Para Miguel Trovoada, a decisão do Governo “foi tomada em consciência, tendo em conta uma série de parâmetros”. “Com certeza que o Governo acautelou os interesses atuais e futuros do povo são-tomense. Estou confiante”, concluiu.

O Governo são-tomense anunciou na terça-feira o corte de relações diplomáticas com Taiwan e o reconhecimento de “uma só China”. Em reação, o Governo chinês agradeceu a decisão a São Tomé e Príncipe pela decisão reconhecer a República Popular da China, aceitando Pequim como o único Governo legítimo de toda a China, enquanto Taiwan acusou o país lusófono de pedir “uma quantia astronómica em apoio financeiro” e lamentou “a decisão abrupta e hostil do Governo” de Patrice Trovoada.

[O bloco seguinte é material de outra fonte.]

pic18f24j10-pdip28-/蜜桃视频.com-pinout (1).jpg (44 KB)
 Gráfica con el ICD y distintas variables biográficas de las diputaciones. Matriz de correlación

Pequim considera Taiwan uma província chinesa e defende a “reunificação pacífica”, mas ameaça “usar a força” caso a ilha declare independência. Já Taiwan, a ilha onde se refugiou o antigo Governo chinês depois de o Partido Comunista (PCC) tomar o poder no continente, em 1949, assume-se como República da China.

Quando São Tomé decidiu reconhecer Taiwan, a ilha era um dos quatro “tigres asiáticos”, ao lado da Coreia do Sul, Hong Kong e Singapura. Apoiada numa pujante economia, Taiwan investia muito dinheiro na expansão do seu espaço político internacional.

Entretanto, a República Popular da China tornou-se a segunda maior economia mundial, com as maiores reservas cambiais do planeta, no valor de 3,44 biliões de dólares. Desde 2000, Pequim concedeu quase 100 mil milhões de dólares (96 mil milhões de euros) em assistência financeira aos países africanos, tornando-se o principal parceiro comercial do continente.

O corte de relações com Taiwan abre a porta à entrada de São Tomé no Fórum para a Cooperação Económica e Comercial entre a China e os Países de Língua Portuguesa, conhecido como Fórum Macau, criado em 2003 por Pequim. A decisão de São Tomé reduz para 21 os Estados que mantêm laços diplomáticos com Taipé, incluindo dois em África — Suazilândia e Burkina Faso — e a Santa Sé.